:: Source material ::

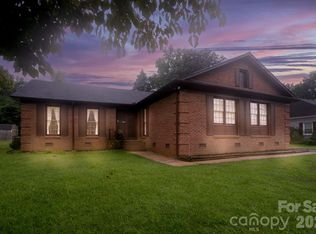 5742 Faulconbridge Rd, Charlotte, NC 28227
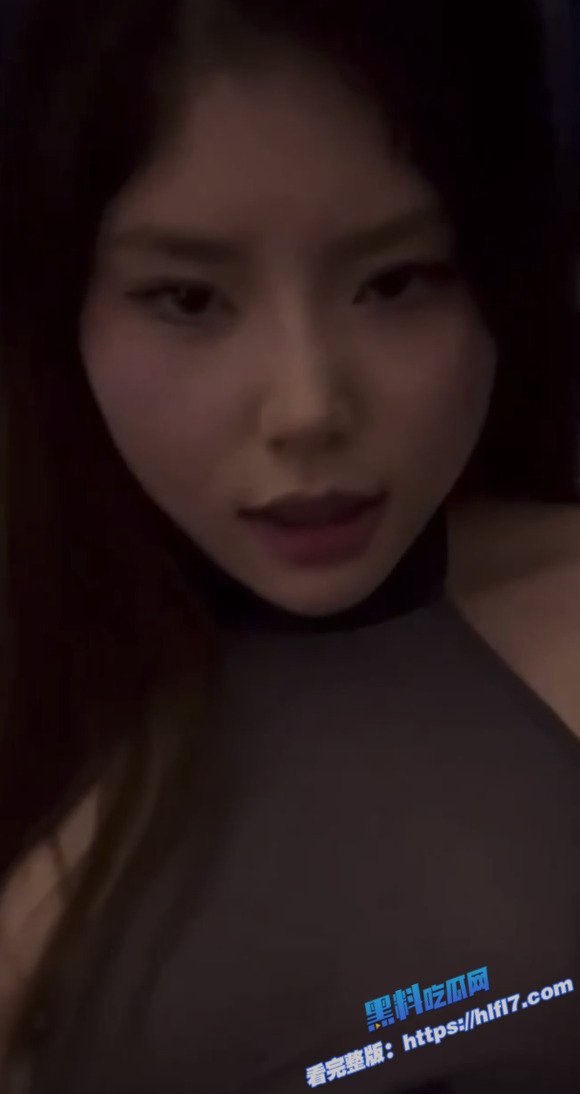 海归留学生 极品黑丝美乳肥臀 瞒着男友被金主爸爸SM调教 撅着屁股被金主后主爆操！2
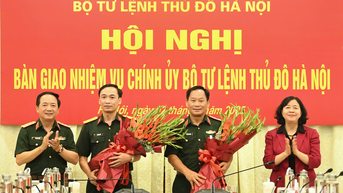 Bàn giao nhiệm vụ Chính ủy Bộ tư lệnh Thủ đô Hà Nội
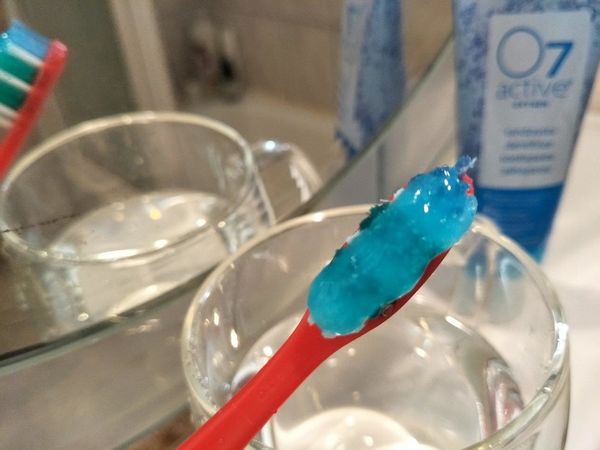 植牙與牙周氧護牙膏3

:::

◆ Task instructions: Your copy must repeat the data word for word and show none of its images.

◆ Answer section:
 5742 Faulconbridge Rd, Charlotte, NC 28227
 海归留学生 极品黑丝美乳肥臀 瞒着男友被金主爸爸SM调教 撅着屁股被金主后主爆操！2
 Bàn giao nhiệm vụ Chính ủy Bộ tư lệnh Thủ đô Hà Nội
 植牙與牙周氧護牙膏3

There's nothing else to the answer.